TASK REQUIREMENTS:
The lines from the start of the records below through the line containing "7X-0449 NUT-FULL (7/8-9" are to be copied exactly, both ends included, with nothing added.

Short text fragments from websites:
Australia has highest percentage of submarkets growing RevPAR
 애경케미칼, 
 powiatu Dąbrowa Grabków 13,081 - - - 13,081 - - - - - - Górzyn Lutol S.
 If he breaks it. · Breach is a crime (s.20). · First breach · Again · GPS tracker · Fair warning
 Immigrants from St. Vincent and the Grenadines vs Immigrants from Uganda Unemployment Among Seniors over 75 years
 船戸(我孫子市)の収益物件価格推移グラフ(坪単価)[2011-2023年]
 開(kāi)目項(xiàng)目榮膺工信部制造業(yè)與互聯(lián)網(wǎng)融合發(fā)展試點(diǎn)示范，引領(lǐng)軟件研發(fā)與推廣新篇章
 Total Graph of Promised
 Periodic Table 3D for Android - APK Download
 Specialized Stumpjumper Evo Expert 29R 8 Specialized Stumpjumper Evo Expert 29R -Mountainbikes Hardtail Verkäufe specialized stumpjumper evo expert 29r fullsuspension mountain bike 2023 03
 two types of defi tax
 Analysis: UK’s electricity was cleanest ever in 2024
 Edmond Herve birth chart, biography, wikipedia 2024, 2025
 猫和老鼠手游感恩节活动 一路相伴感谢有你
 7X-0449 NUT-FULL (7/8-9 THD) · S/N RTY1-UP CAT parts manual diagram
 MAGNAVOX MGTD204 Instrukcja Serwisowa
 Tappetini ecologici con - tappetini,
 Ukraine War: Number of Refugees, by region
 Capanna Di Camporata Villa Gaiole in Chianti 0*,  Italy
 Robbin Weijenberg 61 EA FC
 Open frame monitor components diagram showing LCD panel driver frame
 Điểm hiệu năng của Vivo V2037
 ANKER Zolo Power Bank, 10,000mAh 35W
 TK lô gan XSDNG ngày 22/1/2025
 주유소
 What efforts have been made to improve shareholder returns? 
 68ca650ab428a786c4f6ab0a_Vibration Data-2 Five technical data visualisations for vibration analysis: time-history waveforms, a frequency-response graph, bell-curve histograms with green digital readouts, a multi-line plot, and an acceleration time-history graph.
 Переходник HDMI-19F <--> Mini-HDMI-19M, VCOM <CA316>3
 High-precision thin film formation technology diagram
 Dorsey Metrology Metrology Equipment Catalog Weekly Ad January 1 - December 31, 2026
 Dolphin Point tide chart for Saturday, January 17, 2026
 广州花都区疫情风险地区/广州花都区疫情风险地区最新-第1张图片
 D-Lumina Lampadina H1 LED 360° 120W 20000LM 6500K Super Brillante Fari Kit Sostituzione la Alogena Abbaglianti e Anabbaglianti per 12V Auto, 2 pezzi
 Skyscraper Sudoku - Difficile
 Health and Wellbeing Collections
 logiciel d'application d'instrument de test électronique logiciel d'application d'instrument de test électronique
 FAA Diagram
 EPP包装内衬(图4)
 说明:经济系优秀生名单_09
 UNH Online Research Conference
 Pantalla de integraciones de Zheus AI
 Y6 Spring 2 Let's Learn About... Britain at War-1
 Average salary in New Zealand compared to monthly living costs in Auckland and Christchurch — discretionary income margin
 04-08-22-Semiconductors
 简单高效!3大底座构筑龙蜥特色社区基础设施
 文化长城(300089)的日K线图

SOLUTION FOR THIS EXERCISE:
Australia has highest percentage of submarkets growing RevPAR
 애경케미칼, 
 powiatu Dąbrowa Grabków 13,081 - - - 13,081 - - - - - - Górzyn Lutol S.
 If he breaks it. · Breach is a crime (s.20). · First breach · Again · GPS tracker · Fair warning
 Immigrants from St. Vincent and the Grenadines vs Immigrants from Uganda Unemployment Among Seniors over 75 years
 船戸(我孫子市)の収益物件価格推移グラフ(坪単価)[2011-2023年]
 開(kāi)目項(xiàng)目榮膺工信部制造業(yè)與互聯(lián)網(wǎng)融合發(fā)展試點(diǎn)示范，引領(lǐng)軟件研發(fā)與推廣新篇章
 Total Graph of Promised
 Periodic Table 3D for Android - APK Download
 Specialized Stumpjumper Evo Expert 29R 8 Specialized Stumpjumper Evo Expert 29R -Mountainbikes Hardtail Verkäufe specialized stumpjumper evo expert 29r fullsuspension mountain bike 2023 03
 two types of defi tax
 Analysis: UK’s electricity was cleanest ever in 2024
 Edmond Herve birth chart, biography, wikipedia 2024, 2025
 猫和老鼠手游感恩节活动 一路相伴感谢有你
 7X-0449 NUT-FULL (7/8-9 THD) · S/N RTY1-UP CAT parts manual diagram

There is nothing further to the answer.